Enough about moral victories, am I right? The Minnesota Gophers are looking for their first win of the season now, and the Colorado State Rams are next in line. What can we expect in Fort Collins on Saturday?
Last Saturday, Colorado State obliterated the Savannah State Tigers at home to the tune of 65-13. This is standard operating procedure for Savannah State, an FCS program that finished last season with an 0-12 record, including 7 losses by 30 points or more. Obviously, the Rams' stats from their season opener are appropriately gaudy. So what can we draw from a blowout against a staggeringly inept opponent? That the Rams will, at the very least, be feeling confident on both sides of the ball headed into this matchup. The game is also in Fort Collins, so Colorado State will have home field advantage over the Gophers. Colorado State is certainly not the same caliber of opponent as TCU, but Minnesota can't afford to walk into this expecting them to roll over, as the Rams upset both Colorado and Boston College a season ago.
Similar to last week, it is difficult to know what to expect from Colorado State after a cake walk of an opening game, but I think the two most important matchups are obvious.
Gophers' secondary vs Rams' wide receivers. You've heard of Rashard Higgins, right? Named to the Biletnikoff Award Watch List, Higgins is one the best wide receivers in all of college football. In 2014, he reeled in 96 receptions for 1,750 yards and 17 touchdowns. No small feat. The Rams are breaking in a new starting quarterback in sophomore Nick Stevens, but he didn't seem to have much trouble slinging it around a week ago, spreading the ball around to more than 10 different receivers against Savannah State. Colorado State returns 4 of their top 5 receivers, including Higgins, from a receiving corps that ranked 8th in the nation in passing last season. Again, their stud quarterback is gone, but a strong stable of receivers remains, including two seniors at tight end who were both named to the Mackey Award Watch List. There is no question that the Gophers' defensive backfield will have their hands full again. The uncertain status of Damarius Travis, who limped off the field late against TCU, is somewhat concerning, but there is no reason to believe that a unit with Eric Murray and Briean Boddy-Calhoun at the corners is going to fall apart without one of their senior safeties.
If the Gophers' secondary can repeat last week's performance and prevent the Rams from making big plays in the passing game, I don't see Colorado State having much success on offense against this defense. The defense can't afford to sleep on this group of receivers, but I trust that Tracy Claeys is well aware of the kind of talent the Rams have at receiver and the Gophers will be well prepared with a game plan to contain them.

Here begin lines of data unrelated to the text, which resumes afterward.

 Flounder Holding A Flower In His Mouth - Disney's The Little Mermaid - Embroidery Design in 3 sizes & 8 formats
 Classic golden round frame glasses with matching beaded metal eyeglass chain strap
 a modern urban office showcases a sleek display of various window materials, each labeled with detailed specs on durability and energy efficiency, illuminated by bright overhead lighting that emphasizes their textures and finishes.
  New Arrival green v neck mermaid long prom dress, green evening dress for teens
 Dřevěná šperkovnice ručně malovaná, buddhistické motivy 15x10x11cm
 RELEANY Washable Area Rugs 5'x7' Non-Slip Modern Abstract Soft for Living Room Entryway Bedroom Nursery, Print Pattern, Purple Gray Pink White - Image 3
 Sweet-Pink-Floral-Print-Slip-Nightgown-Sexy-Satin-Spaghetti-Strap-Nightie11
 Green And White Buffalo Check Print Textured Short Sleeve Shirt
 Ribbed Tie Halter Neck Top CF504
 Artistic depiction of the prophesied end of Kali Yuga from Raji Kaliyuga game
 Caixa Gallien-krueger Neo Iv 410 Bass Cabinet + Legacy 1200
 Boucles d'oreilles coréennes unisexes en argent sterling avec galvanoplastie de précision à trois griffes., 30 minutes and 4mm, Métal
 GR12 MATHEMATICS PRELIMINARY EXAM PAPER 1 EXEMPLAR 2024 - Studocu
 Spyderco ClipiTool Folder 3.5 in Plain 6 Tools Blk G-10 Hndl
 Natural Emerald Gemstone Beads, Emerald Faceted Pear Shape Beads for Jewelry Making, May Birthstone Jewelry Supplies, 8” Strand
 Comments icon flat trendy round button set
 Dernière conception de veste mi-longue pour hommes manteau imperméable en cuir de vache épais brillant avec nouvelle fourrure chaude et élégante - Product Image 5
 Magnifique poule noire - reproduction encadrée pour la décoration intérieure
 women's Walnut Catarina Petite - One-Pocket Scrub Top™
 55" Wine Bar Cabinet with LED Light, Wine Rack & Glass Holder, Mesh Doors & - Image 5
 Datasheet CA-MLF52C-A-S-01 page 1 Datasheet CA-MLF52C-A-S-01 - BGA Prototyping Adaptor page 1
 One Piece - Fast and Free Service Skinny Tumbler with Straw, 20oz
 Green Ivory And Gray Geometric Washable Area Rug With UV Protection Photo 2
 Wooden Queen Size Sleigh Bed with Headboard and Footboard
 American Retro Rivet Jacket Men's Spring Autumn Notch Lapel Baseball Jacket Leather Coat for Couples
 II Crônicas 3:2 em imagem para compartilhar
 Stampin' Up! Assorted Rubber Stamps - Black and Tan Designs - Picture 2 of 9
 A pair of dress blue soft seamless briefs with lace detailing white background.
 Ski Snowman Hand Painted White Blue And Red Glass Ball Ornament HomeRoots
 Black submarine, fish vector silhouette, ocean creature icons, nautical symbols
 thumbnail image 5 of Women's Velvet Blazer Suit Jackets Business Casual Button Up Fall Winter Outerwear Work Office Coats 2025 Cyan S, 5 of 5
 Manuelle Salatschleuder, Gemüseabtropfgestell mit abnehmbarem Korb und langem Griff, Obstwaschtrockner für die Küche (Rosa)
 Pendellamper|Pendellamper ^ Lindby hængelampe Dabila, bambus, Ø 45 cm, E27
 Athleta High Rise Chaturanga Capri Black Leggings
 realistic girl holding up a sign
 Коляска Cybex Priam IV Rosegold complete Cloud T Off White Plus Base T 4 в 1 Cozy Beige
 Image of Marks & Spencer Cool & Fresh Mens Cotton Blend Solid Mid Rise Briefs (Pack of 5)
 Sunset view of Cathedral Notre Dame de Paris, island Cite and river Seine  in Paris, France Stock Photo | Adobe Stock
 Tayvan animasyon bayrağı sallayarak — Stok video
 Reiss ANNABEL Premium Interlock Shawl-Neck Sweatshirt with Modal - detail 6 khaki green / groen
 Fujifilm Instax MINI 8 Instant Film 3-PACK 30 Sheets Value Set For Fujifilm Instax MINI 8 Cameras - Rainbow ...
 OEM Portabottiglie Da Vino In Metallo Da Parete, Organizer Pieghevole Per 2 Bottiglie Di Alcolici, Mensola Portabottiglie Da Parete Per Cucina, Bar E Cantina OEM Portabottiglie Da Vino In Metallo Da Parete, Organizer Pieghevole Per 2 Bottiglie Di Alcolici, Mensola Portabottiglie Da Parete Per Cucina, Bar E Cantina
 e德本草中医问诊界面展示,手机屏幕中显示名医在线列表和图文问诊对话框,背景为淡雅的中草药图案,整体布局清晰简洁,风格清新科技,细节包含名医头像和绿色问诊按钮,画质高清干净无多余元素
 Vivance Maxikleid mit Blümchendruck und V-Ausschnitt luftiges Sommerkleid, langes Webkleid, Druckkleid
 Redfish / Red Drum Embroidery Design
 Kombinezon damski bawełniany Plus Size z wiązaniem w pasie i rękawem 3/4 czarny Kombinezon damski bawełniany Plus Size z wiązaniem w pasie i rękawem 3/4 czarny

Gophers' offensive line vs Rams' defensive line. One of the biggest issues against TCU a week ago was the offensive line. Josh Campion was a last minute scratch at right tackle, and his replacement, Ben Lauer, had to be pulled in the second quarter in favor of Jonah Pirsig after more than a few blown assignments, clearly not having healed completely from his surgical procedure during preseason camp. It is imperative that the offensive line stabilize moving forward, and this Saturday represents a chance for them to start down that path. With Campion back at practice on Monday, I'm optimistic that we won't have to endure another game of musical chairs on Saturday.
Colorado State ranked 96th in rushing defense a year ago, allowing an average of 200 rushing yards per game. The Rams don't have a lot of starting experience up front either, having to replace all but two defensive linemen and one linebacker in their front seven. If the Gophers aren't able to impose their will on the Rams defense and open up holes in the running game, that will not bode well for the Gophers' offense in this game -- or for the rest of the season, for that matter. I expect we'll see a lot of carries for Rodrick Williams and Rodney Smith as the Gophers look to avoid testing a decent secondary that returns two starting safeties from a unit that ranked 56th in pass defense a year ago. On the defensive line, senior defensive end Martavius Foster will be one to watch for the Rams after recording three sacks against Savannah State last Saturday.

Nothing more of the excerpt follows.